Too many binaries being linked at the same time
For that one wouldn't have to limit build-parallelism in general, just the linking phase.
opened 08:04PM - 09 Feb 21 UTC
A-linkage
C-feature-request
S-needs-design
A-jobserver
In CI at my work, we ran into a situation where rustc would get OOM-killed while… linking example binaries:
```
error: linking with `cc` failed: exit code: 1
|
= note: "cc" <…>
= note: collect2: fatal error: ld terminated with signal 9 [Killed]
compilation terminated.
```
We were able to mitigate this by using a builder with more available memory, but it's unfortunate. We could dial down the parallelism of the whole build by explicitly passing `-jN`, but that would make the non-linking parts of the build slower by leaving CPU cores idle.
It would be ideal if we could explicitly ask cargo to lower the number of parallel linker invocations it will spawn. Compile steps are generally CPU-intensive, but linking is usually much more memory-intensive. In the extreme case, for large projects like Firefox and Chromium where the vast majority of code gets linked into a single binary, that link step *far* outweighs any other part of the build in terms of memory usage.
In terms of prior art, [ninja has a concept of "pools"](https://ninja-build.org/manual.html#ref_pool) that allow expressing this sort of restriction in a more generic way:
> Pools allow you to allocate one or more rules or edges a finite number of concurrent jobs which is more tightly restricted than the default parallelism.
> This can be useful, for example, to restrict a particular expensive rule (like link steps for huge executables), or to restrict particular build statements which you know perform poorly when run concurrently.
[The Ninja feature was originally motivated by Chromium builds switching to Ninja and wanting to support distributed builds](https://groups.google.com/g/ninja-build/c/6oJzx6QI0Vg), in which there might be capacity to spawn way more compile jobs in parallel since they can be run on distributed build nodes, but link jobs, needing to be run on the local machine, would want a lower limit.

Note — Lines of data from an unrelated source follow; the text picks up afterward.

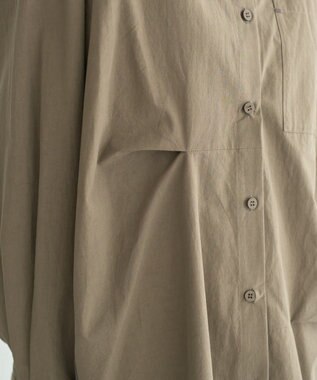 YECCA VECCA 2way袖デザインロングシャツ Khaki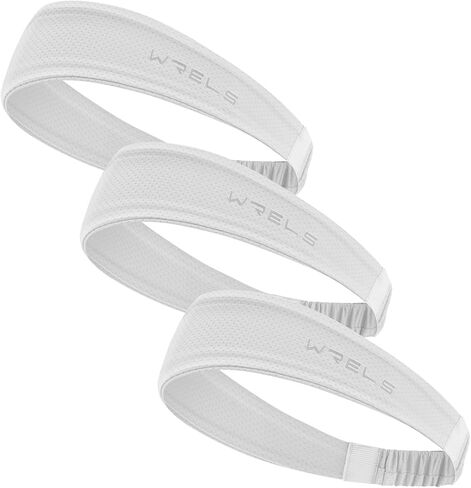 WRELS Cooling Headband Moisture Wicking Sweatband Women & Men for Outdoor Sports, Fitness, Yoga, Tennis, Fitness, Workout – 3 Pack in Saudi Arabia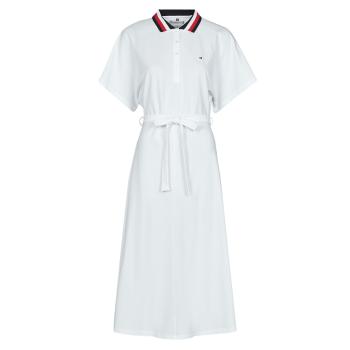 Tommy Hilfiger  GBL STP FLARE MIDI POLO DRESS SS  Krátke šaty Biela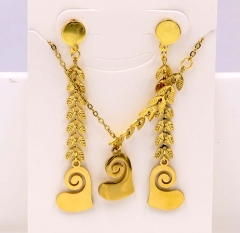 Stainless steel jewelry Necklace Earrings set Wholesale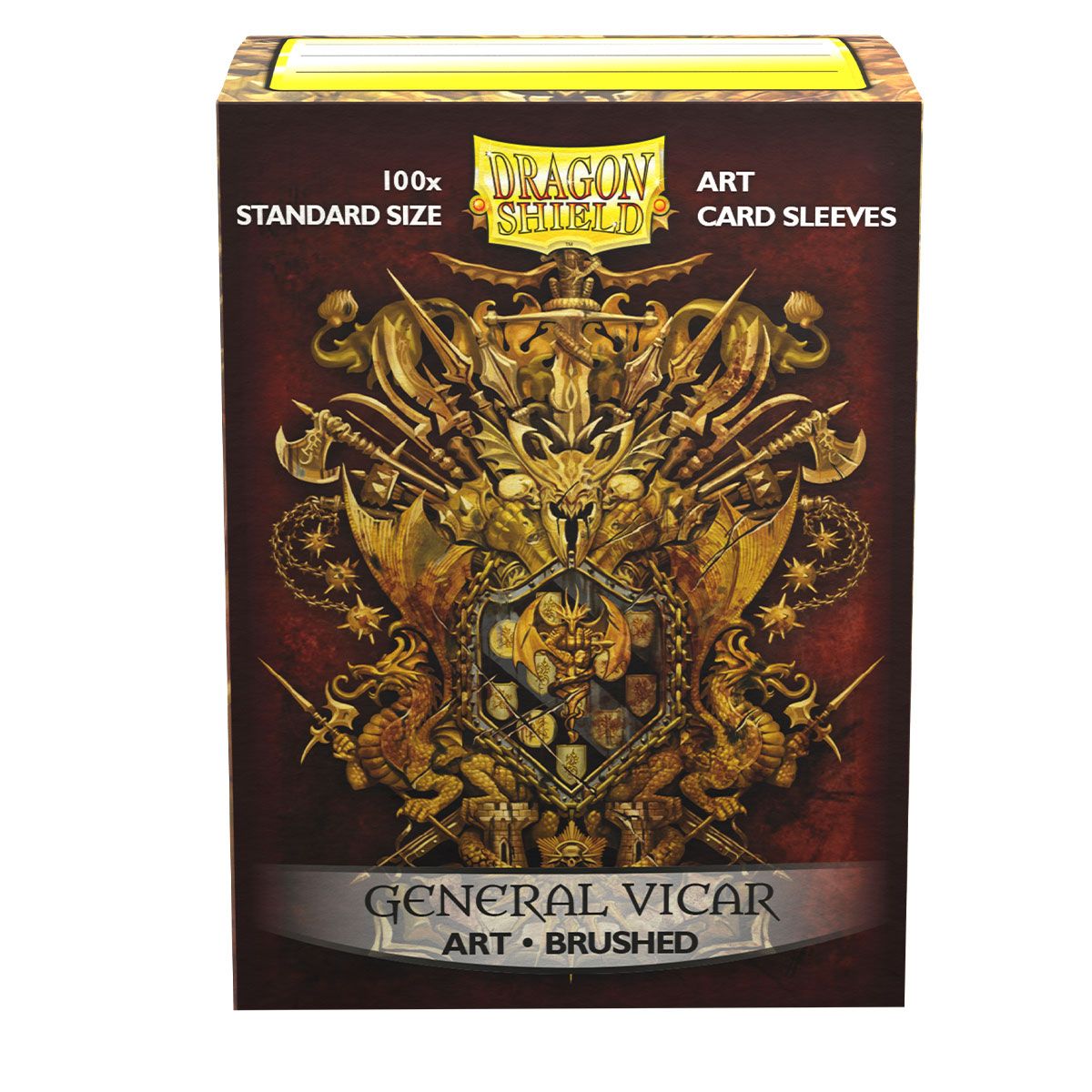 Dragon Shield: Standard 100ct Brushed Art Sleeves - General Vicar | Total Play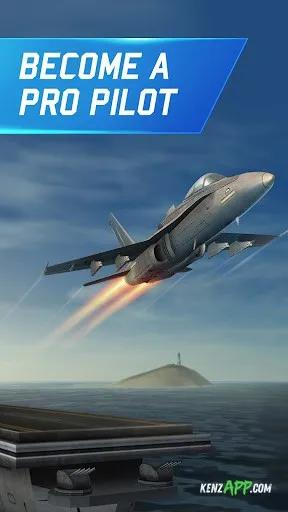 لقطة شاشة 4 من Flight Pilot: 3D Simulator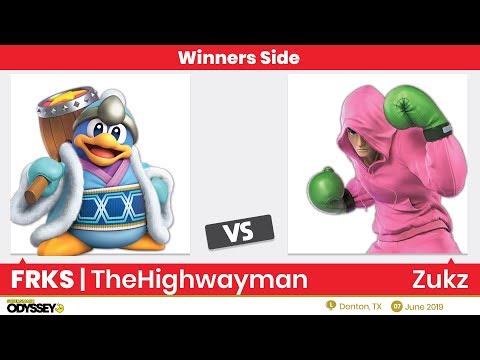 Super Smash Odyssey 1 - Winners Round 3 - FRKS | TheHighwayman vs Zukz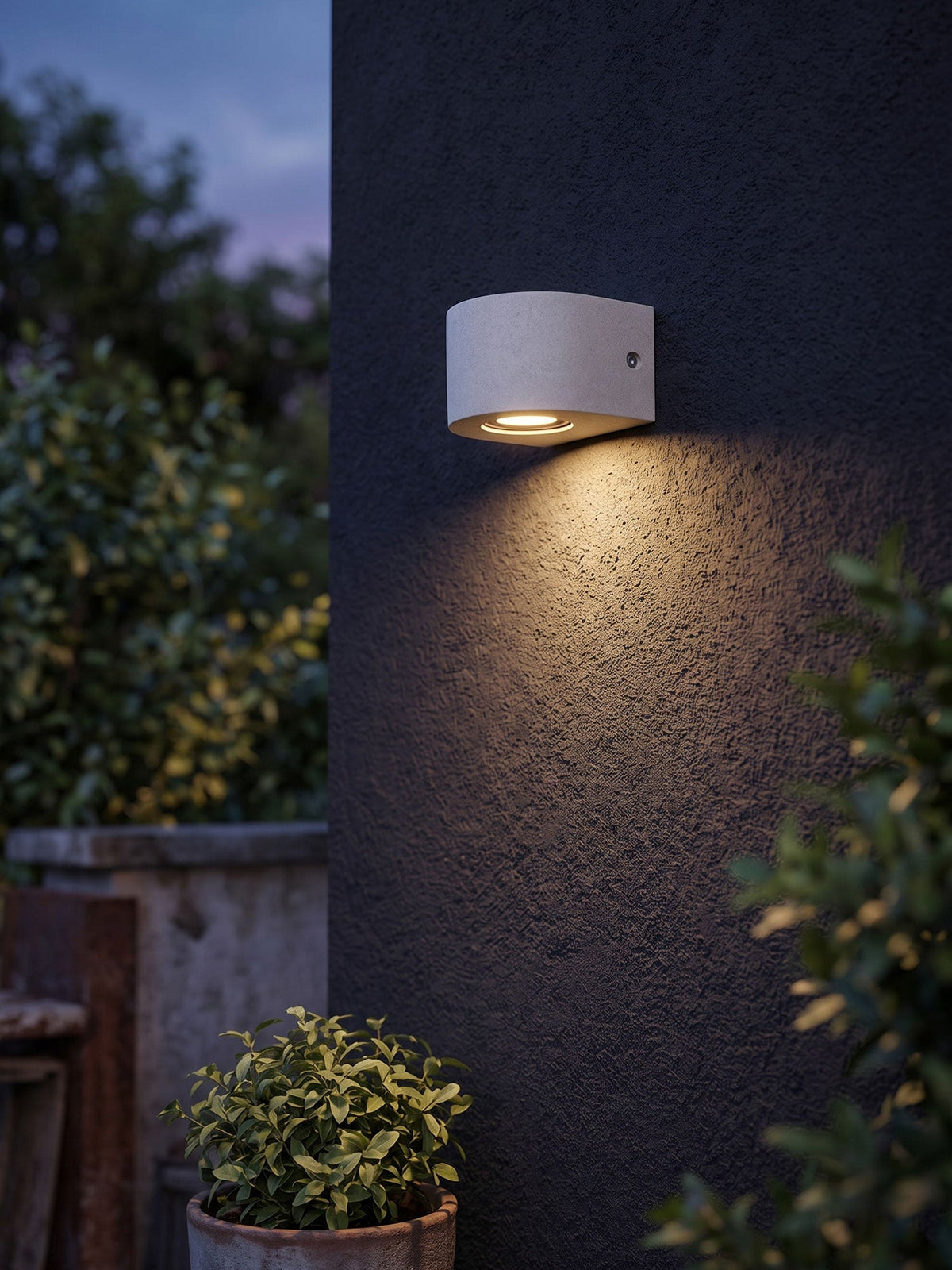 Arvessa Outdoor Exterior Wall Lights, Micro-Cement Sconce, 5W LED 3000K, IP54, Covered Porch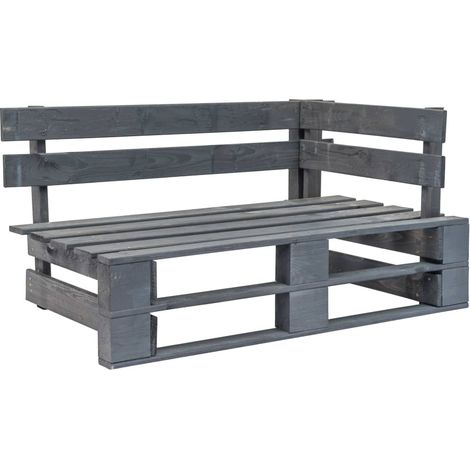 Maison Exclusive - 2-Sitzer-Palettensofa mit Kissen Grau Imprägni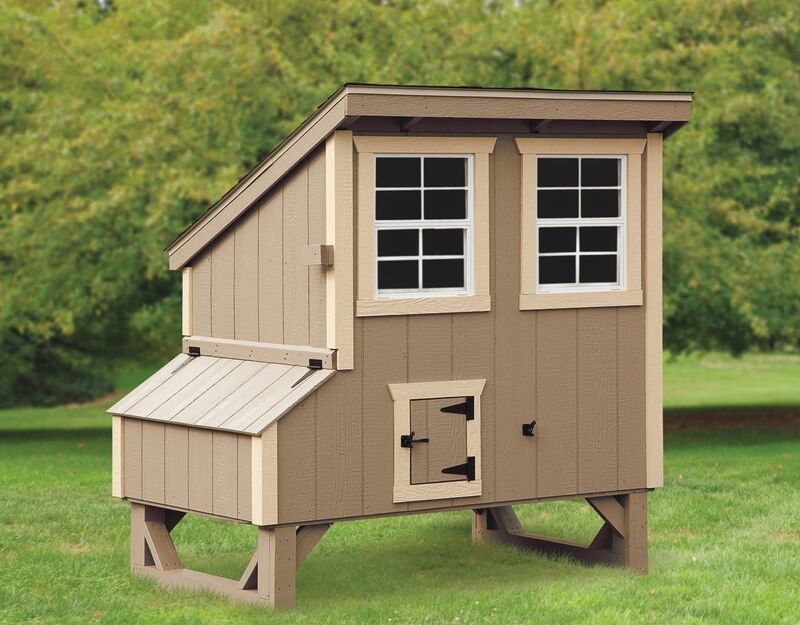 Luxury Lean - To Chicken Coop - 4'x5' - Quill & Roost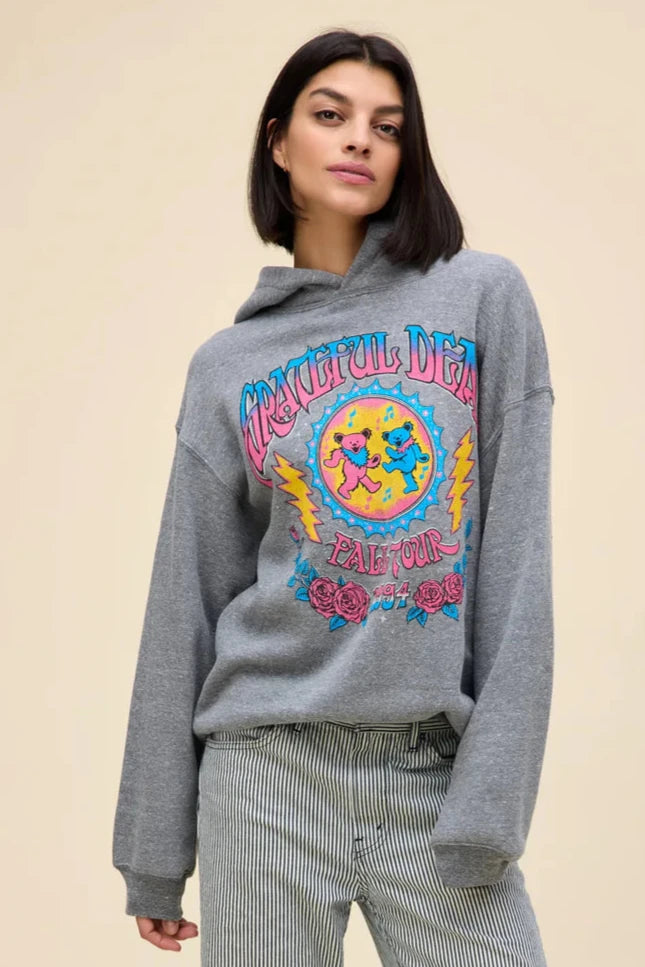 Grateful Dead Fall Tour 94 BF Hoodie- Heather Grey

If this were implemented, one could imagine a further step whereby cargo could estimate how heavy individual linker invocations are by the number of crates they link, and attempt to set a reasonable default value based on that and the amount of available system memory.
dpc
April 3, 2025, 8:51pm
4
That's why I'm siding on ability for the project developers to customize the estimation of memory needed for a single job/crate/linker-invocation via cargo config.
That's OK, it's still worthwhile to try to do it.
However, hopefully the memory technology will keep giving us more and more memory even on low end devices, so maybe it's not worth doing because projects hitting these limits are not very common, and the amount of memory used will relatively keep being smaller.
I already rolled out a bandaid wrapper script that will tweak -j
based on the system's memory, and that should be good enough for us.